Checkered Flag: Try and Try Again
From that visit to the job training center, I ended up meeting a walnut farmer who gave me a job as a salesperson trying to sell walnut shells. I was the junior salesperson, so as the new guy, I would get the clients no one else wanted to deal with. That’s how I took a call from a local animal shelter about how our pellets worked amazing for cat litter. The business side of me went: “There’s an opportunity here.”
So, I put together a one-page business plan. The owner liked it and put me in charge of the project. That led to me naming the product, and we branded it. It was such a success. Within 18 months, we had distributors across the U.S. and we were going up against Purina and Clorox even though our marketing budget was way lower. It was total underdog stuff, but it worked.
That project was so successful that the owner decided to sell the rights for multimillions to a bigger company. I got no bonus and no severance package. I got nothing from that. The next opportunity was another cat litter project that had an even greater profit increase than the first. I had developed a reputation in the industry, and I didn’t even realize it. There were a lot of people interested in hiring me.
Along the way, I had discovered a secret that not many people know: just being vulnerable and real in business is a great theory, but it’s hard in practice.
The Greatest Lesson: Authenticity Trumps Everything
The first business opportunity with the cat litter is where I redirected all of that angry energy from the first failure with my mortgage company, but I still had a ton of sadness and despair in my life. The surrender happened, but now I was out of my league on this new road. I didn’t have a lot of experience developing retail products, so I was still in that nothing to lose mindset. As a result, I was very real with the people I was selling to. I didn’t put on airs because I just didn’t have the energy to put on a façade.
I was being a human. There’s not enough of that in business. We all know how to pump ourselves up and make ourselves seem ideal, but no one’s perfect. If you just go up and talk about life and how it’s hard and we’re all just trying to make up for whatever deficiency we developed at 12 years old, you’d be surprised at how many people latch onto that.
Where I was in my life, it seemed like I drew people’s pain out of them. Most people in sales know you want to listen more than you talk. That’s a good idea in sales. Buyers would tell me real struggles in both their business and personal life. It was happening so unconsciously that it took me a while to catch on to what was happening, but that natural authenticity from “my nothing to lose and nothing to prove” attitude really resonated with people.
In each episode of How to Lose Money, we’ll be asking our guests to answer a few questions about failure. Here’s what came out of this episode:
- Looking back, why did this failure experience happen to you?
It happened because I built an identity out of the wrong things. I build my identity out of other people’s opinions of me.
- What is the single most important lesson you learned from this?

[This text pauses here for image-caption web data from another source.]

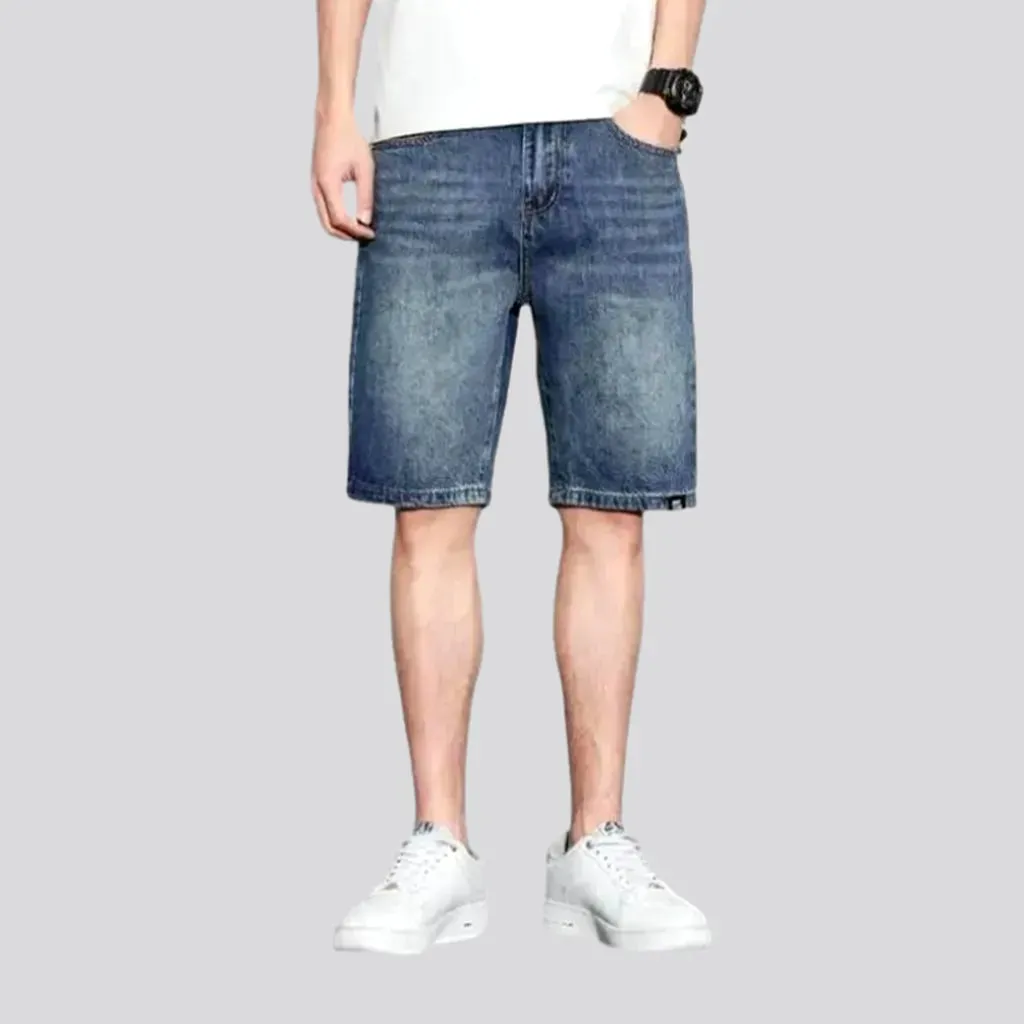 Vintage whiskered denim shorts for men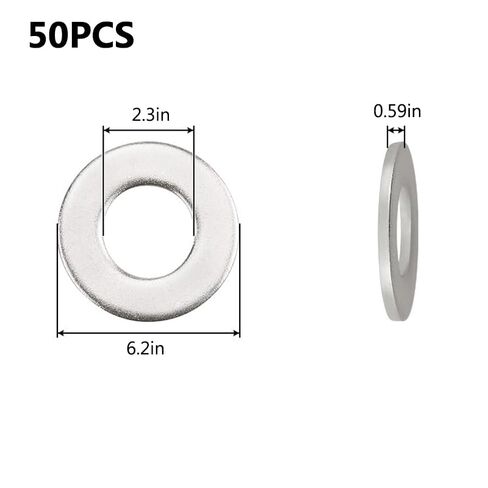1/4" Stainless Washer (50 Pack), 5/8" Outside Diameter, 0.06" Thickness, Flat Washer for Screws, Bolts, and Nuts in Saudi Arabia
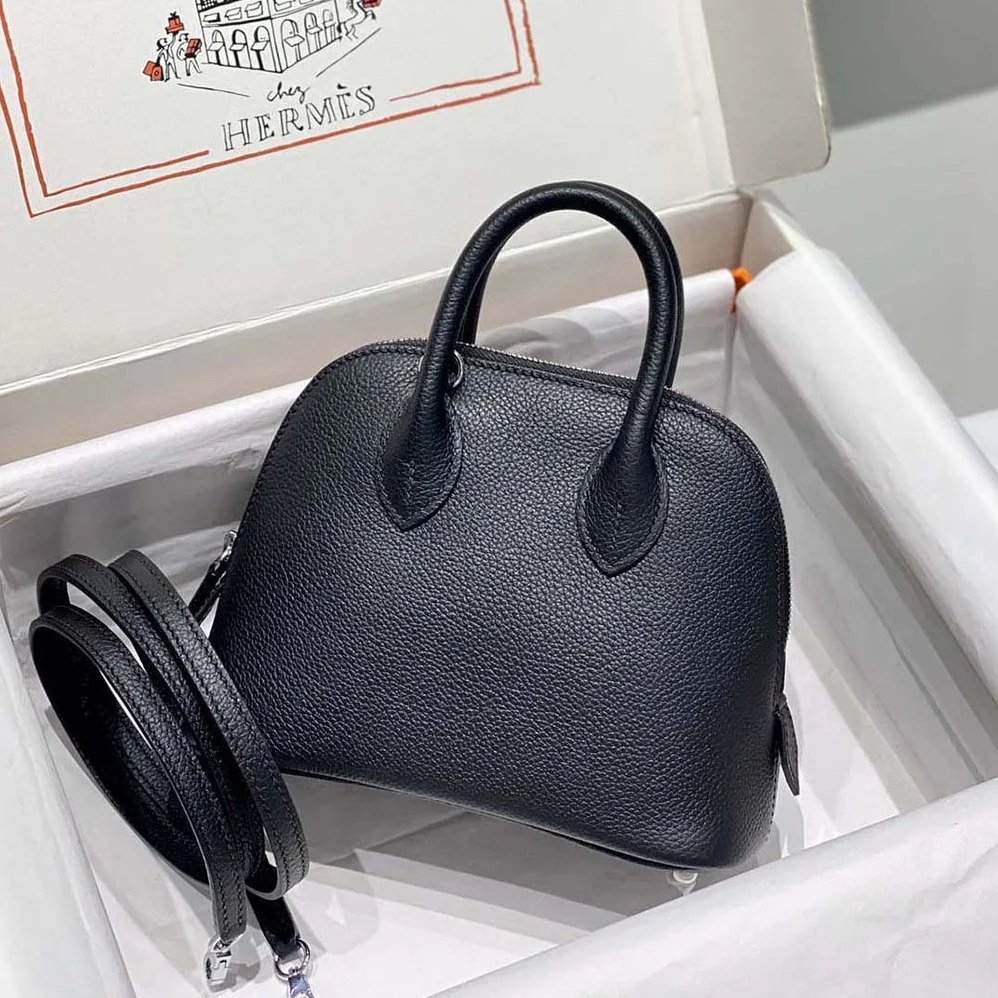 Hermes Bolide 1923 Bag in Epsom Calfskin for Unisex in Black/Silver Hermes Bolide 1923 Bag in Epsom Calfskin for Unisex in Black/Silver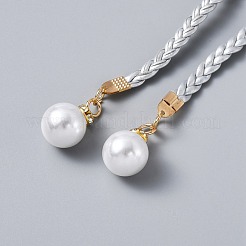 Kunstleder geflochtene Kettengürtel mit Kunstperle&nbsp;AJEW-WH0258-403E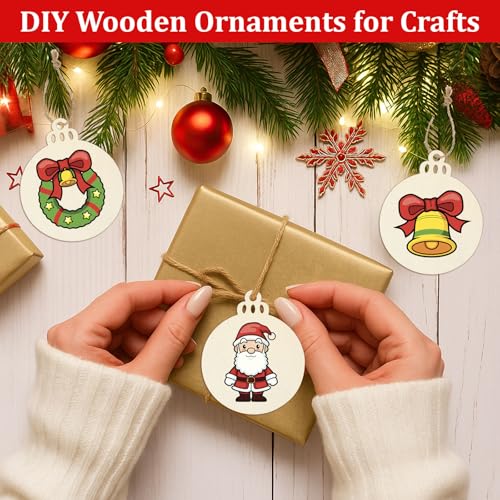 50 PCS Wooden Christmas Ornaments (50 Count)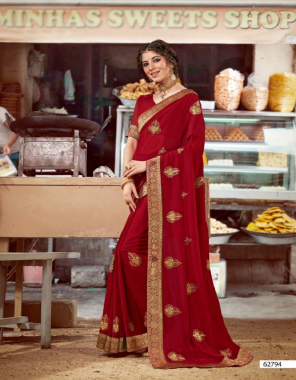 maroon vichitra silk fabric embroidery work festive 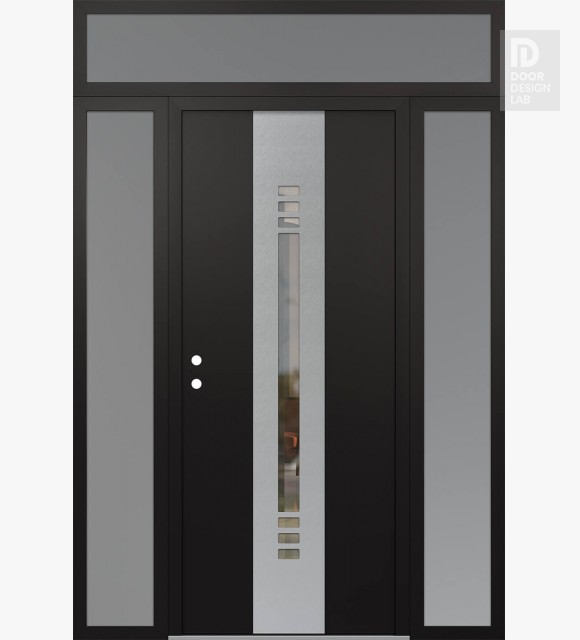 Modern Steel Front Door DIAMOND A5 60" X 96" BLACK/BLACK CLEAR GLASS PANEL STAINLESS STEEL RHI WITH 2 SIDELITES AND TRANSOM FROSTED GLASS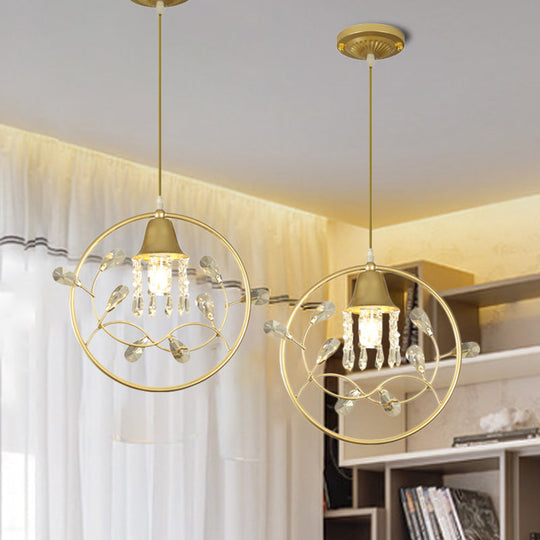 Modern Crystal Bird/Flower Sleep Room Suspension Light With Gold Hanging Lamp Kit - 1 Bulb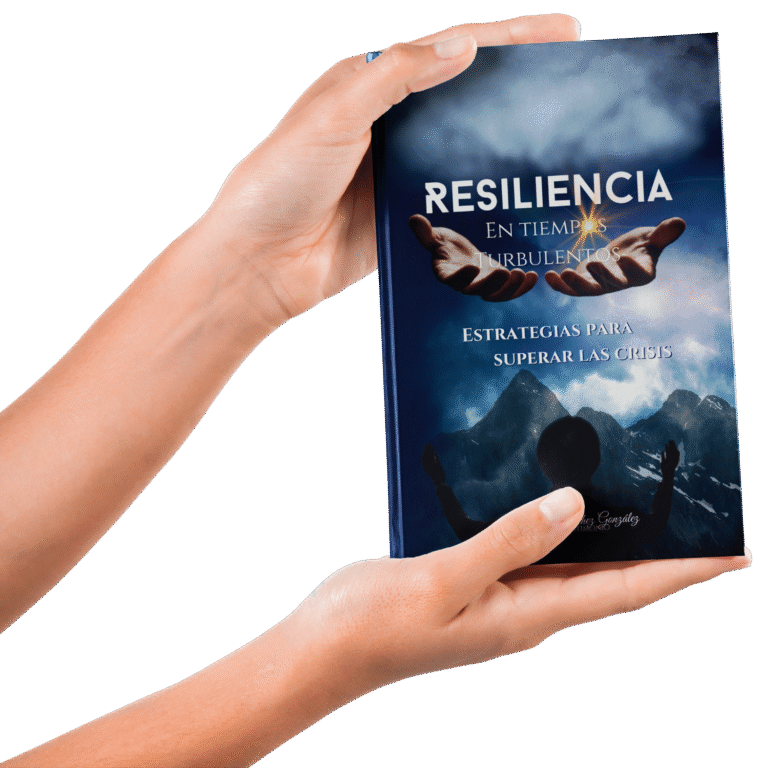Portada del libro Resiliencia, En tiempos turbulentos, sostenido con manos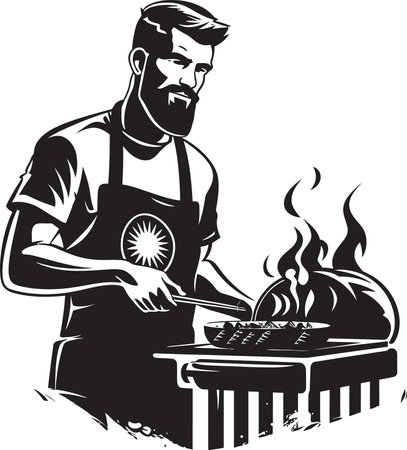 Vector Smoke Serenade Man BBQ Icon Flame Forge Black Vector BBQ Designのイラスト素材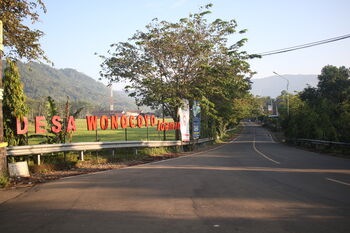 Jalan Lintas Pantai Selatan yang melewati Desa Wonocoyo.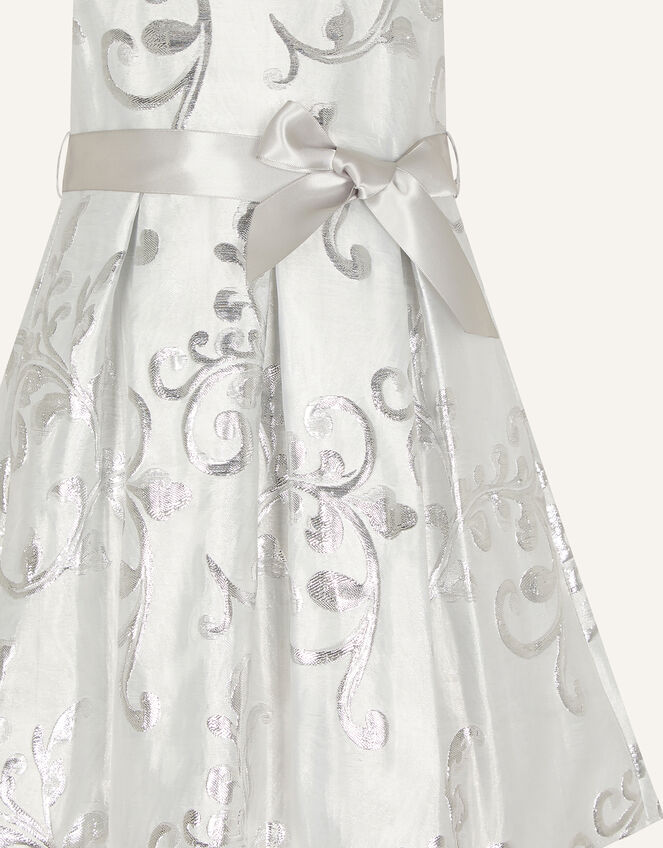 Baby Mira Jacquard Dress, Silver (SILVER), large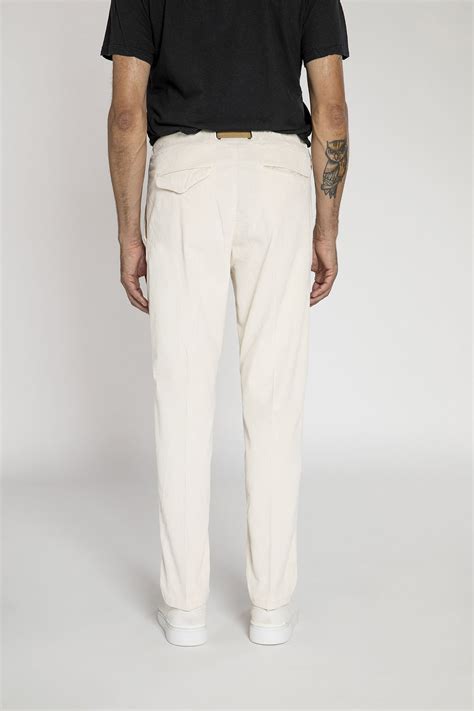 Pantalone In Velluto A Coste Di Cotone White Sand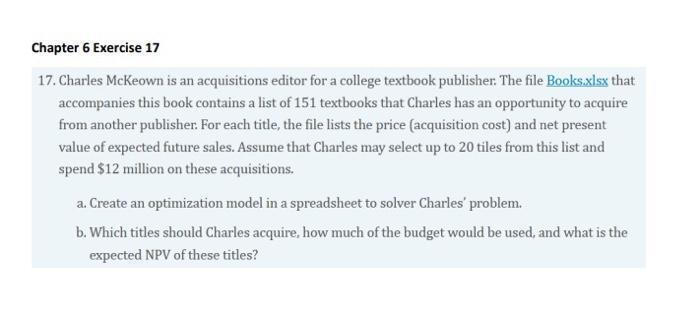 please show me the formula Chapter 6 Exercise 17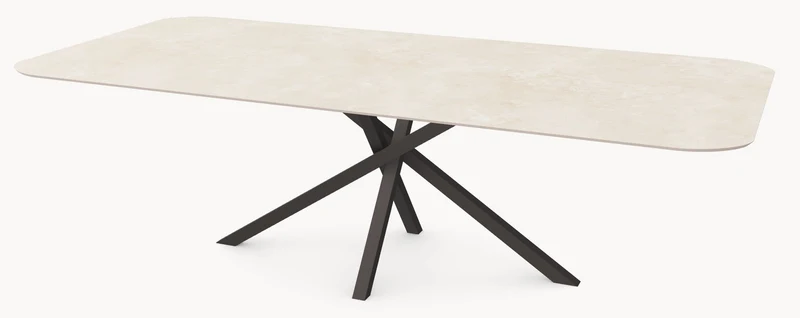 Keramiek Chianca Di Ostuni eettafel - Recht Radius - Matrix Twist
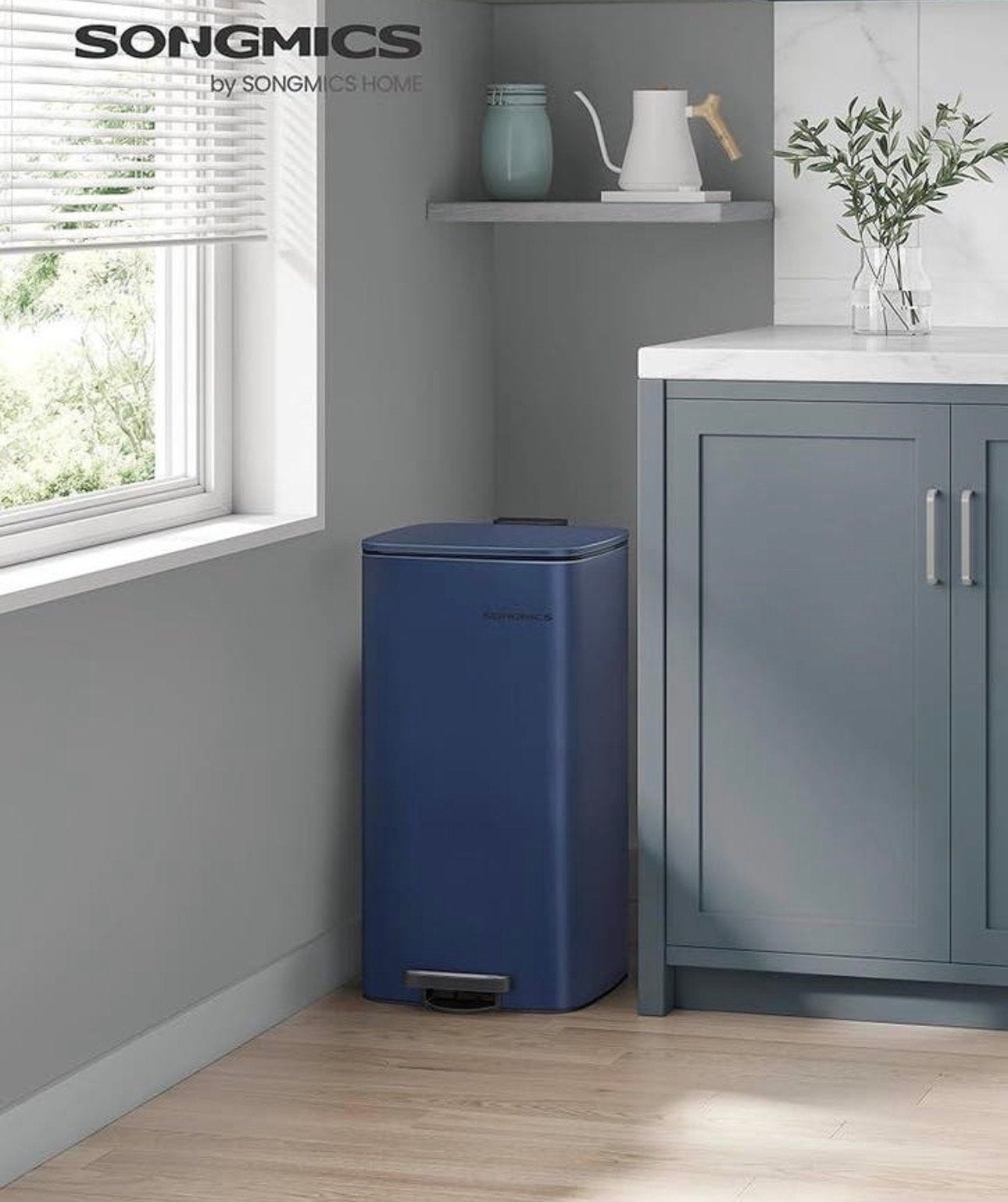 Songmics Pedaalemmer 30L - Blauw - Stijlvol & Praktisch NEW, Huis en Inrichting, Woonaccessoires | Prullenbakken, Met pedaal, Nieuw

Authenticity trumps everything.
- Who do you turn to when you need help?
As I mentioned, I turned to God, and then I turned to my wife, and then I turned to a group of three men that we have an unspoken rule that we can share anything with each other. I expose myself to those closest to me.
- How do you strengthen your business now to protect it from failing this way again?
Authenticity. I feel almost like Teflon; I always default to authenticity. That crushing pain of failure is no longer an option.
- What advice would you give to someone who finds themselves in a similar position to what you’ve gone through?
Get as quickly as you can to the white flag moment. It’s inevitable anyway, so have compassion for yourself as you’re moving through the phases. The quicker you surrender, the better off you are.